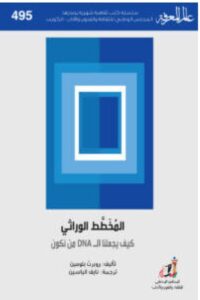 تحميل كتاب المخطط الوراثي PDF – روبرت بلومين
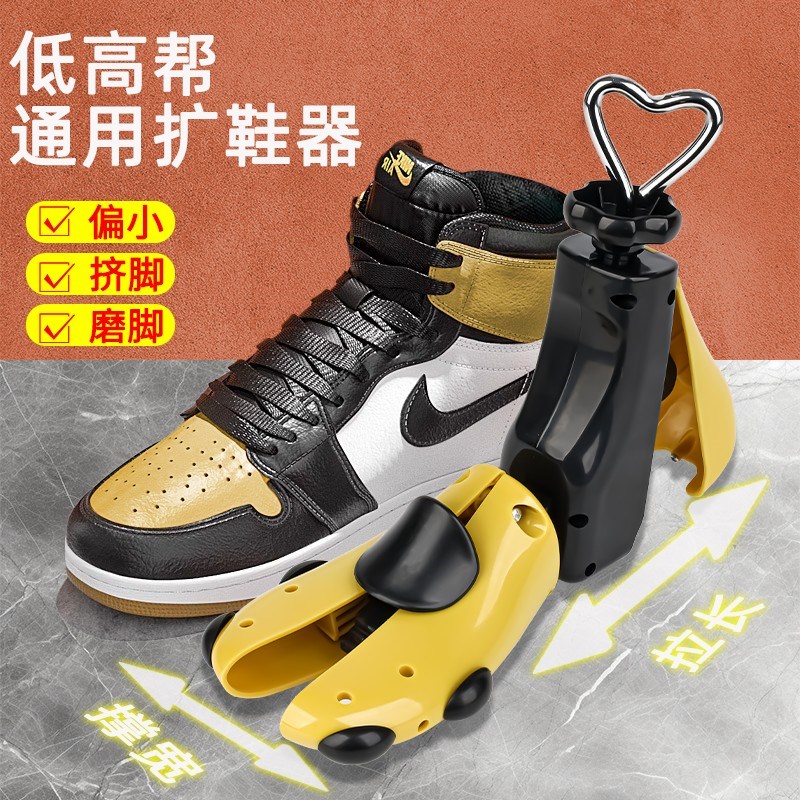 扩鞋器撑鞋器马丁靴J高低帮通用撑宽鞋撑子扩大器可调节挤脚鞋楦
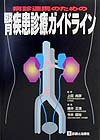 病診連携のための腎疾患診療ガイドライン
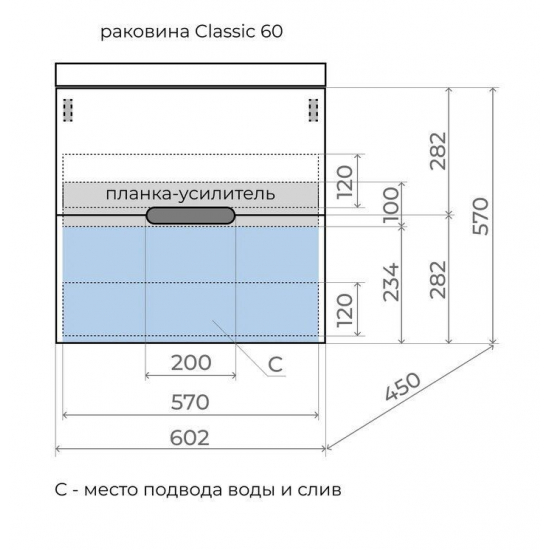 Тумба с раковиной STYLE LINE Матис 60 крем подвесная, раковина Andrea Classic 60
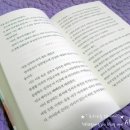 샘터찻집 이미지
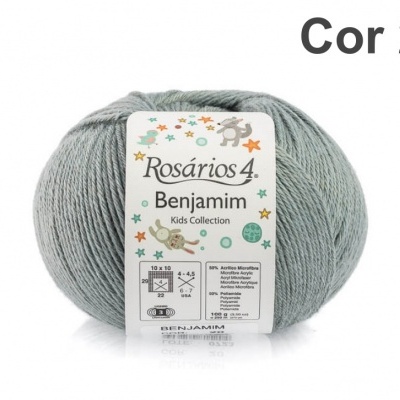 Novelo de fio cinzento claro Rosários 4 Benjamim com etiqueta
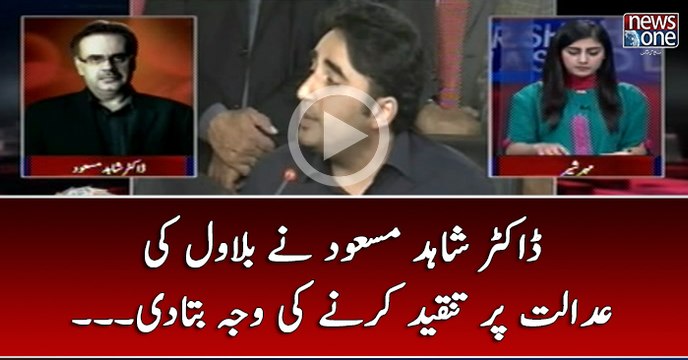 #DrShahidMasood Nay #Bilawal Ki #Adalat Par Tanqeed Karnay Ki Waja Bata Di...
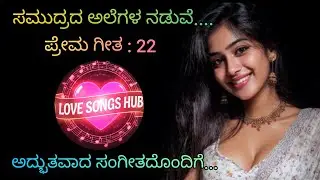 ಸಮುದ್ರದ ಅಲೆಗಳ ಮಧ್ಯೆ....Kannada Love Song With Beautiful Muzic and Lyrics
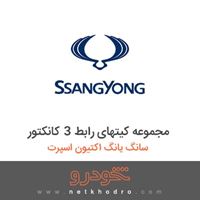 مجموعه کیتهای رابط 3 کانکتور سانگ یانگ اکتیون اسپرت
------------------------------------
**EXERCISE DIRECTIONS:**
An exact repeat of the listing above, pictures excluded, is the answer.

**ANSWER BOX:**
 تحميل كتاب المخطط الوراثي PDF – روبرت بلومين
 扩鞋器撑鞋器马丁靴J高低帮通用撑宽鞋撑子扩大器可调节挤脚鞋楦
 病診連携のための腎疾患診療ガイドライン
 Тумба с раковиной STYLE LINE Матис 60 крем подвесная, раковина Andrea Classic 60
 샘터찻집 이미지
 Novelo de fio cinzento claro Rosários 4 Benjamim com etiqueta
 #DrShahidMasood Nay #Bilawal Ki #Adalat Par Tanqeed Karnay Ki Waja Bata Di...
 ಸಮುದ್ರದ ಅಲೆಗಳ ಮಧ್ಯೆ....Kannada Love Song With Beautiful Muzic and Lyrics
 مجموعه کیتهای رابط 3 کانکتور سانگ یانگ اکتیون اسپرت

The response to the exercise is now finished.